[EXERCISE DESCRIPTION] When you reach the line with "Geschikt voor iPhone" in the listing below, transcribe it and each line after it up to and including the line with "Newly Renovated Apartment", exactly and with nothing else.

--*--

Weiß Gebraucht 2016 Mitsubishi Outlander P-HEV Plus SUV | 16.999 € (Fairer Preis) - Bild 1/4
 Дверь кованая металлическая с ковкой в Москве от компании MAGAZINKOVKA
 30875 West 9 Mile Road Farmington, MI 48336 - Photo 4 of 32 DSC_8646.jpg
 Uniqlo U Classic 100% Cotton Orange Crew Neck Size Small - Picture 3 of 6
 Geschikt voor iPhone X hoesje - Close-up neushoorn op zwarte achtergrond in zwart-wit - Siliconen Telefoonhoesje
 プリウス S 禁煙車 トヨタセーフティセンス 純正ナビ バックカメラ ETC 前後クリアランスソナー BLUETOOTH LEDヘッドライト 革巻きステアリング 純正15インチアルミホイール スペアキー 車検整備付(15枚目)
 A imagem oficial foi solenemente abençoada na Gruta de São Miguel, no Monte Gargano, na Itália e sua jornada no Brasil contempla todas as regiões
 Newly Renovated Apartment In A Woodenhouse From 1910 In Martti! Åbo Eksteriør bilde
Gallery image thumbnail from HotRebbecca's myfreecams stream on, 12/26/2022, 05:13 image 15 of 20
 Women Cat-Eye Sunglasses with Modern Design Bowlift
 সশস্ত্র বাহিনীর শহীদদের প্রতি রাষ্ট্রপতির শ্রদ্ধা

--*--

[YOUR SOLUTION]
 Geschikt voor iPhone X hoesje - Close-up neushoorn op zwarte achtergrond in zwart-wit - Siliconen Telefoonhoesje
 プリウス S 禁煙車 トヨタセーフティセンス 純正ナビ バックカメラ ETC 前後クリアランスソナー BLUETOOTH LEDヘッドライト 革巻きステアリング 純正15インチアルミホイール スペアキー 車検整備付(15枚目)
 A imagem oficial foi solenemente abençoada na Gruta de São Miguel, no Monte Gargano, na Itália e sua jornada no Brasil contempla todas as regiões
 Newly Renovated Apartment In A Woodenhouse From 1910 In Martti! Åbo Eksteriør bilde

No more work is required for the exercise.